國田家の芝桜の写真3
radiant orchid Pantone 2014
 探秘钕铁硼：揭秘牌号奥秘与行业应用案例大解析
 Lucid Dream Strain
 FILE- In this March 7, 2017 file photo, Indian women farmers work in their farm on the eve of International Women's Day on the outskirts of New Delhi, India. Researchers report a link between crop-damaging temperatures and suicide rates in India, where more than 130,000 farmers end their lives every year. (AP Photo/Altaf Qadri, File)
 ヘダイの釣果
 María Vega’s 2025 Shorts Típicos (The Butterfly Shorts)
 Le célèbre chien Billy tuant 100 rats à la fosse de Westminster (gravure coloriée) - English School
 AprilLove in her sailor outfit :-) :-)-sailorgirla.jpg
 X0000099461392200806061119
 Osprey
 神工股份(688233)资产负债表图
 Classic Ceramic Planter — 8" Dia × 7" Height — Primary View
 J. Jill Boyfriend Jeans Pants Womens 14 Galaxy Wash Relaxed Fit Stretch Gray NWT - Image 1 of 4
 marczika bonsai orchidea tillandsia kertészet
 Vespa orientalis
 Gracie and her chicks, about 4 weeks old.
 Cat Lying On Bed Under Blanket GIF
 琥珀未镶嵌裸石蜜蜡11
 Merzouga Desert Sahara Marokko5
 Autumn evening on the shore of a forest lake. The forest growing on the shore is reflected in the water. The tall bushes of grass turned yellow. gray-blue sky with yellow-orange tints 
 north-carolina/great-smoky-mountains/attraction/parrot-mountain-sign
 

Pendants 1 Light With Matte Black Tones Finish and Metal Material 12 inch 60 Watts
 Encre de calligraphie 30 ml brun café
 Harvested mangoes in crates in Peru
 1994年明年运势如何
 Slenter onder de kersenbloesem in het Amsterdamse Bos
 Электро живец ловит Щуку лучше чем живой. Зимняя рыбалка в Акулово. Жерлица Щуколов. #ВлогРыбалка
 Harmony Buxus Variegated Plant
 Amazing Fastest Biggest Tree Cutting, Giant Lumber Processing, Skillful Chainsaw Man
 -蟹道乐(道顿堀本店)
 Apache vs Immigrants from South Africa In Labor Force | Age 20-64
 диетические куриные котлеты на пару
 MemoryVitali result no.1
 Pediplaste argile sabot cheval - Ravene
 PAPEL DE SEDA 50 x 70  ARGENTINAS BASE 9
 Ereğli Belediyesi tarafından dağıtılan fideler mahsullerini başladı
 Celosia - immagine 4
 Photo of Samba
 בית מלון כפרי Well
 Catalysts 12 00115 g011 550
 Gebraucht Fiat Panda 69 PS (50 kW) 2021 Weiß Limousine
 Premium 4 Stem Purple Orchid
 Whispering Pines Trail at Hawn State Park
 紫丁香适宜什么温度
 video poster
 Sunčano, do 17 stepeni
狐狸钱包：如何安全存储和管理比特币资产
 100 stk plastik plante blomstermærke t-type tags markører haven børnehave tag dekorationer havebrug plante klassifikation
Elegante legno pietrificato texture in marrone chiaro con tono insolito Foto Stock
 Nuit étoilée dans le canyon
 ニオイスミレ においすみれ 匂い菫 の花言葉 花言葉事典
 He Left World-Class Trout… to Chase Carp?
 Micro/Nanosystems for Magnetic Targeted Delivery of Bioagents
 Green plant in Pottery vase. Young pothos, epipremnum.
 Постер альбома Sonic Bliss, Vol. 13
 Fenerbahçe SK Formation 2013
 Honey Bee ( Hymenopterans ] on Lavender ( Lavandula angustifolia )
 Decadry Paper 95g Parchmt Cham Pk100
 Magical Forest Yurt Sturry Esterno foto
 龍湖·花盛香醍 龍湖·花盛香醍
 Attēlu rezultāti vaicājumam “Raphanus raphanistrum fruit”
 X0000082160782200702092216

**What you are asked to do:**
Every line that holds the string "Photo" must be copied from the records above.

**Reply to the exercise:**
 FILE- In this March 7, 2017 file photo, Indian women farmers work in their farm on the eve of International Women's Day on the outskirts of New Delhi, India. Researchers report a link between crop-damaging temperatures and suicide rates in India, where more than 130,000 farmers end their lives every year. (AP Photo/Altaf Qadri, File)
 Photo of Samba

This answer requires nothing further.